[Records from a data source]
□ □ □ □

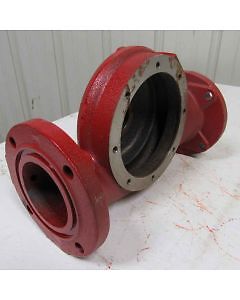 Xylem-Bell & Gossett 118449 Body for PD-35/PD-37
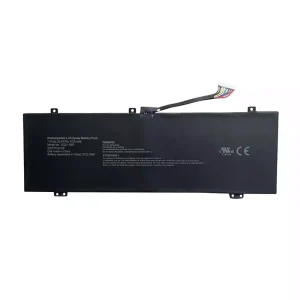 Genuine laptop battery for HASEE SQU-1601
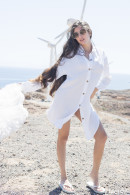 Esfinge in Road Movie gallery from FEMJOY by Ora - #1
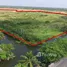  Land for sale in Amphaeng, Samut Sakhon, Amphaeng, Ban Phaeo, Samut Sakhon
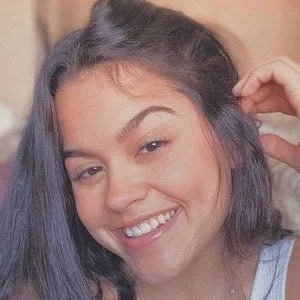 Alexis Ramos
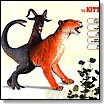 Różni Wykonawcy: Sub Rosa vs Kitty Yo [CD]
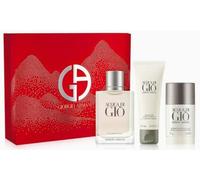 Giorgio Armani Cofanetto Acqua di Giò Eau de Toilette - Eau de Toilette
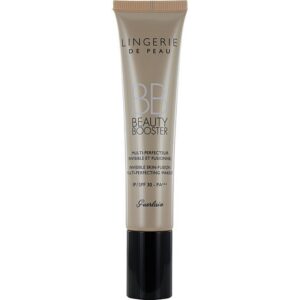 Guerlain Lingerie De Peau BB Beauty Booster N°02 Medium 40ml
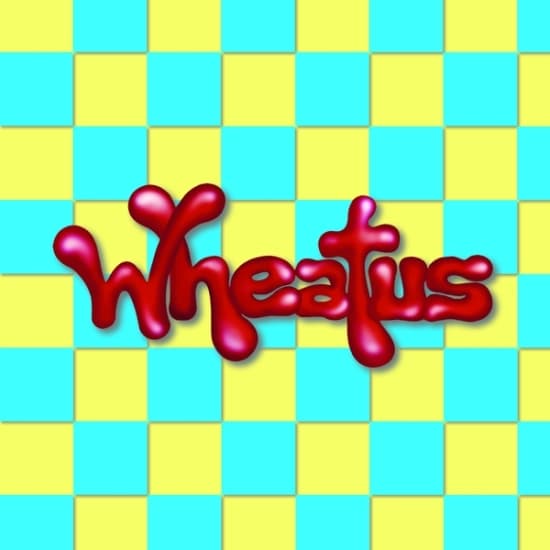 Wheatus - Wheatus (LP)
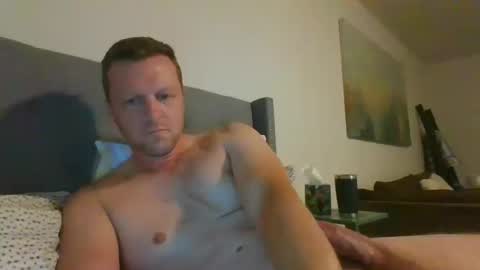 johnd101020 online show from 14, 10, 2025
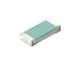 Vishay / Draloric MCS04020C1102FE000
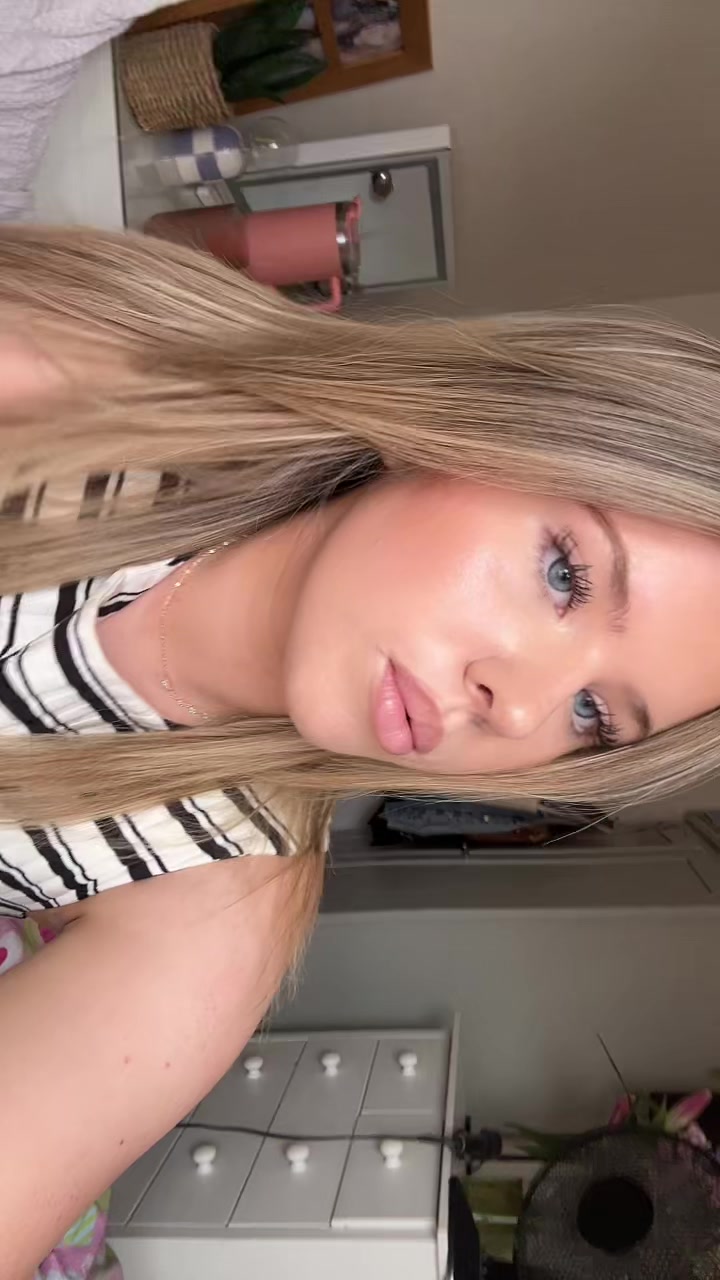 @🆗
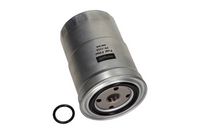 Filtru combustibil MAXGEAR, Cod: 26-1085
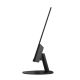 4. Viewsonic VA VA24E2-H computer monitor 60.5 cm (23.8") 1920 x 1080 px Full HD LED Black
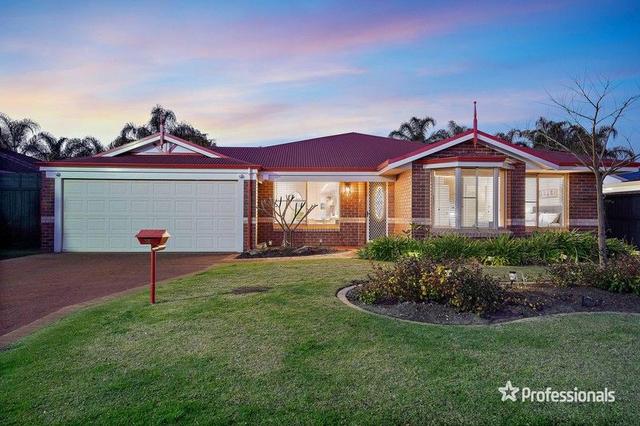 15 Springbrook Drive, WA 6069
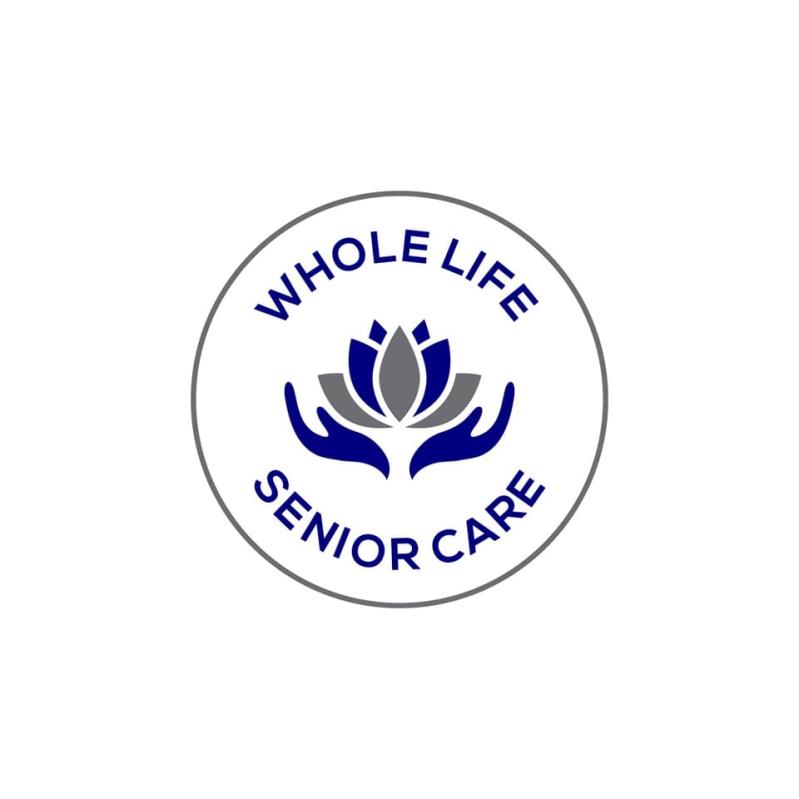 Whole Life Senior Care LLC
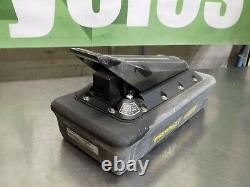 Enerpac Turbo II Single Acting Air Hydraulic Pump PATG1105N Parts/Repair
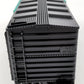 K-Line K-90017 O Gauge New York Central Peoria & Eastern Boxcar #4503 LN/Box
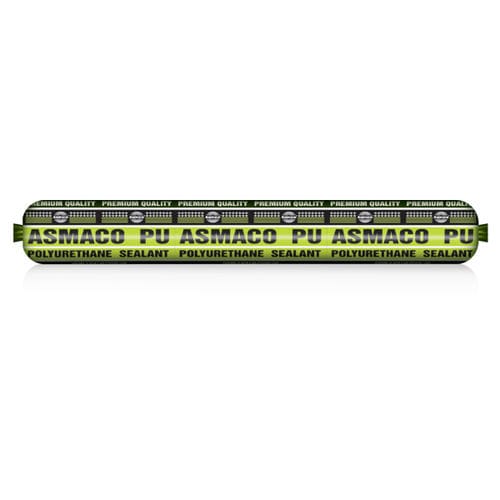 Мастика из эластомера - Asmaco PU90 - ANCHOR ALLIED - для бетона / для металла / для камня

□ □ □ □

▶ **Task goal**: Repeat, with no pictures, each line from the beginning of the data through the line containing "Enerpac Turbo II", inclusive.

▶ **Exercise result**:
 Xylem-Bell & Gossett 118449 Body for PD-35/PD-37
 Genuine laptop battery for HASEE SQU-1601
 Esfinge in Road Movie gallery from FEMJOY by Ora - #1
  Land for sale in Amphaeng, Samut Sakhon, Amphaeng, Ban Phaeo, Samut Sakhon
 Alexis Ramos
 Różni Wykonawcy: Sub Rosa vs Kitty Yo [CD]
 Giorgio Armani Cofanetto Acqua di Giò Eau de Toilette - Eau de Toilette
 Guerlain Lingerie De Peau BB Beauty Booster N°02 Medium 40ml
 Wheatus - Wheatus (LP)
 johnd101020 online show from 14, 10, 2025
 Vishay / Draloric MCS04020C1102FE000
 @🆗
 Filtru combustibil MAXGEAR, Cod: 26-1085
 4. Viewsonic VA VA24E2-H computer monitor 60.5 cm (23.8") 1920 x 1080 px Full HD LED Black
 15 Springbrook Drive, WA 6069
 Whole Life Senior Care LLC
 Enerpac Turbo II Single Acting Air Hydraulic Pump PATG1105N Parts/Repair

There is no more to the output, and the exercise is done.